OK, now for the engine itself.
The carb is fitted with the needle valve turned right back for protection in transit but uses the usual pinch bolt. Loosening the pinch bolt and straightening the carb still leaves the needle valve angled back (and slightly upward) by about 15 degrees. Angling it a little more forward would give some safety margin to adjust the idle mix if you’re that way inclined. The carb barrel is aluminium but with the same hard ceramic coating as the liner so wear won’t be an issue. One feature I really liked is that the main needle has a notch machined in the end as a marker to accurately count the number of turns it’s opened. That saves me making a file mark as I normally do. Factory “setting” was 5/8 turns open so I’ve opened it to 2.5 as a first try before running it. The venturi size is 6mm so it’s not excessively large like so many engines are today. This means it should be far better suited to the revs normally flown at and give good fuel draw without relying so much on muffler pressure to push the fuel through. The carb body has been nicely machined from solid.

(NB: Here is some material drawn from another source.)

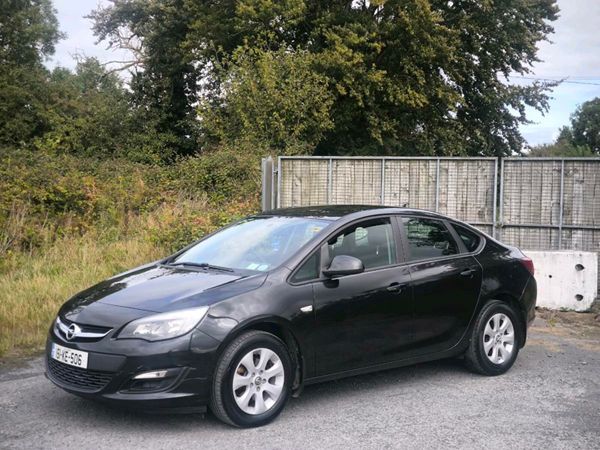 Opel Astra Saloon, Diesel, 2015, Black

Looking through the exhaust port gave a surprise because two boost ports can be seen. This is a 5 port engine and both boost ports have their own individual transfer channels running up from the crankcase. The passages are quite small and my first impression was that someone (but not me) will be getting out the Dremel. Unfortunately I wasn’t able to get the cylinder out for photos because it seemed to be rather firmly attached to its gasket and I didn’t want to go tearing up the gasket but this shows the 4 inlet ports. The ports all have rounded top openings so they won’t open quite as abruptly as the usual square topped ports would do. Notice the screw thread above the 0.2mm shim, more on that shortly.
Exhaust opens 77 degrees BBDC (154 degrees total for those who like to say it that way)
Transfers open 60 BBDC
Boost ports open 53 BBDC
Inlet opens 40 ABDC
Inlet closes 44 ATDC
Total squish clearance with .2mm shim….0.45mm (.018″)
Measured volume of the combustion chamber by itself was .487cc
Compression ratio with shim 11.1:1
Compression without shim 12.3:1 (giving squish clearance of .25mm or .010″)
Either of these compressions make it ideal to use zero nitro fuel which is what I use anyway :).